Geomorphic work, whether expressed as sediment transport or landform modification was significant in gravel bed streams emanating from the Appalachian Plateau of north-central Pennsylvania during Tropical Storm Lee flooding in September, 2011. Detailed GIS-based mapping from post-flood helicopter photography and fieldwork documented geomorphic change along more than 200 km of four major tributaries to the Susquehanna River – Lycoming, Loyalsock, Muncy, and Fishing Creeks.
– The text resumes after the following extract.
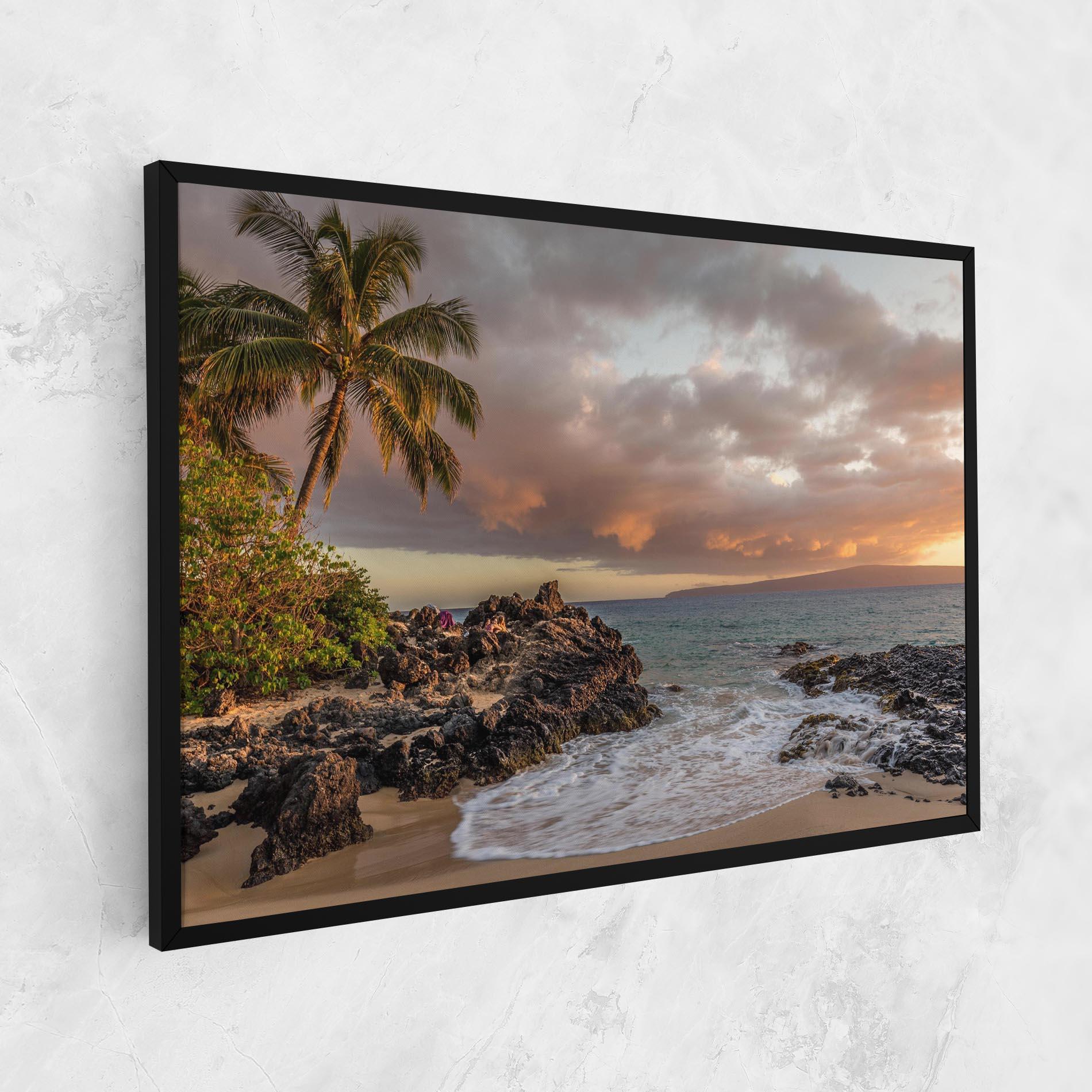 Obraz na Płótnie Beautiful Beach Landscape mockup 1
Dominant geomorphic responses include: 1) erosion of chutes on the inside of meanders; 2) channel avulsion and reoccupation of prehistoric high flow anabranches disconnected from main channels by anthropogenic activity such as berm construction and highway fill; 3) extraordinary coarse gravel transport (bar growth and migration); 4) episodic downcutting and aggradation; 5) bank erosion; and 6) mass wasting and alluvial fan activation in glaciated headwater tributaries.
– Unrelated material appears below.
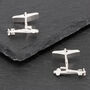 Submarine Cufflinks In Sterling Silver, thumbnail 1 of 3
While it is likely that geomorphic response to a flood with greater than 100-year recurrence would be significant in steep, gravel bed streams, the extreme magnitude of the response may have been amplified by anthropogenic disturbance. Regional clear cutting in these watersheds between 1850-1920, contributed sediment downstream. Dendrogeomorphic observations suggest that significant filling occurred prior to 1930, creating a low gravelly terrace along these streams. Watershed reforestation since 1930 has yielded relatively clear, aggressive water to downstream channels. Major floods during the past 40 years (1972, 1996, 2004, 2011) appear to have initiated widespread disequilibrium and erosion of the logging legacy gravel. Sediments from this remobilized fill now appear to be moving through these watersheds as major gravel pulses. Simultaneous aggradation of gravel bars above bankfull during floods is promoting bank erosion and channel avulsion. This flood caused extensive damage to homes, farms, and highway infrastructure. Similar responses to floods are likely as these channels evolve through a protracted phase of disequilibrium during their adjustment from constrained single channels to multi-threaded gravel bed systems. Understanding the trajectory of these river systems has enormous implications for management and policy-making in the future.